When you’re four years old and heading off on important candy-gathering venture at Halloween, global warming seems like a pretty good idea. Global warming means you don’t have to wear an undershirt, six sweaters, and an overcoat with your costume. Outerwear is notoriously rough on angel’s wings and dampens the effect of a howling demon on passers by. Let’s face it. The Author of Death clad in a blue snowsuit and lambie mittens is just not as unsettling as initially intended.
So I never really had a problem with global warming until I reached a Responsible Age. Now I realize I probably caused the whole trouble myself. I produced two boys, gummily attractive in a no-teeth, drooly kind of way, who as babies seemed harmless enough sucking cereal from a spoon and wearing little diapers with cartoon characters printed in blue on the front. (How much trouble could a size zero hiney be, anyway?
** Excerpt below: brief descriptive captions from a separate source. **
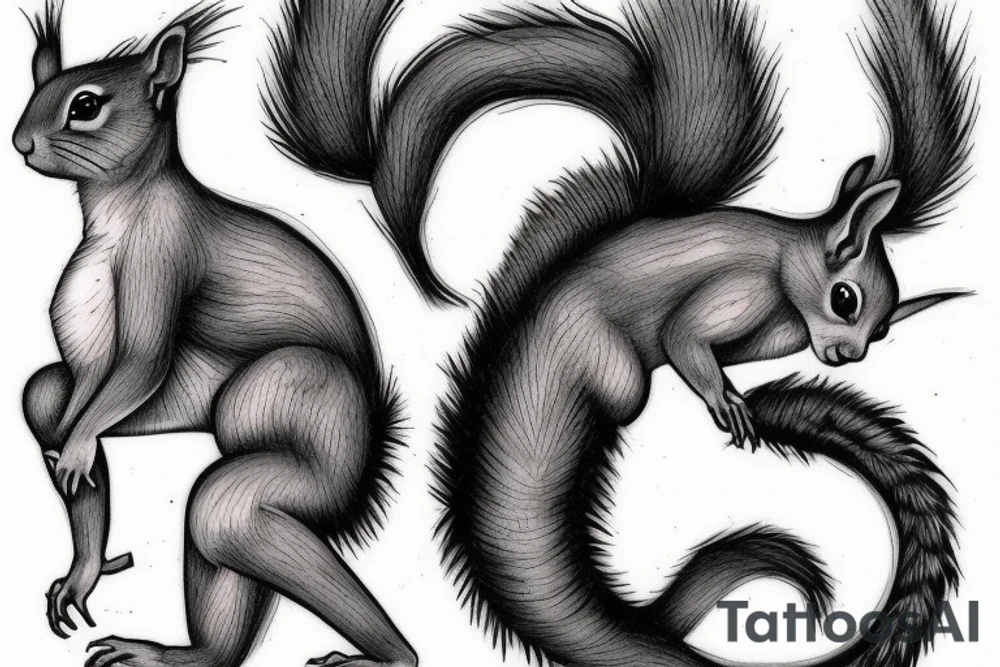 squirrel woman tattoo idea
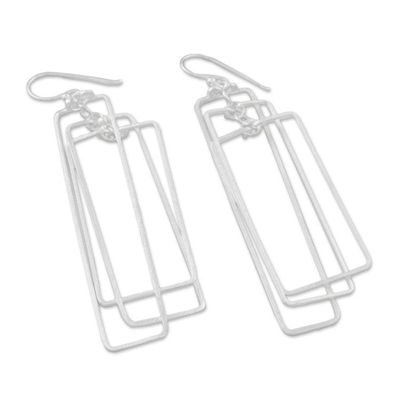 Alternate image for Modern Rectangular Sterling Silver Dangle Earrings Matte Rectangles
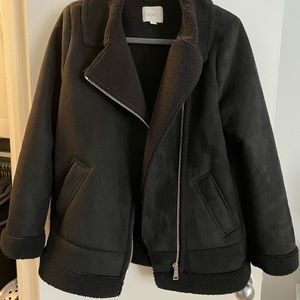 LOFT Faux Suede Aviator Jacket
Of course now we have Paris Hilton, Allegra Versace, and pre-baby Nicole Ritchie to serve as benchmarks, but back then we just didn’t know.)
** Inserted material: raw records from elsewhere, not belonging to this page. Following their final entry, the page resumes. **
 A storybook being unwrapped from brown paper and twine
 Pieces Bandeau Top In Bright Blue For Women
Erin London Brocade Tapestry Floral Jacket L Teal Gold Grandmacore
Anyway, I’ve read about the amount of methane produced by all the cows in the world, except the ones in India that are sacred, and I think my guys can beat that number without straining. The three teenaged boys in the backseat (we threw in an extra cousin just to make it interesting) on the way to the Fair this weekend cheekily counted the number of times the term “excuse me” came into play. We were nearing triple digits, which even allowing for exaggeration and downright bragging, is a pretty impressive number. I’ve decided I’m going to give up raising children and buy stock in a dairy farm. It’s easier on the environment.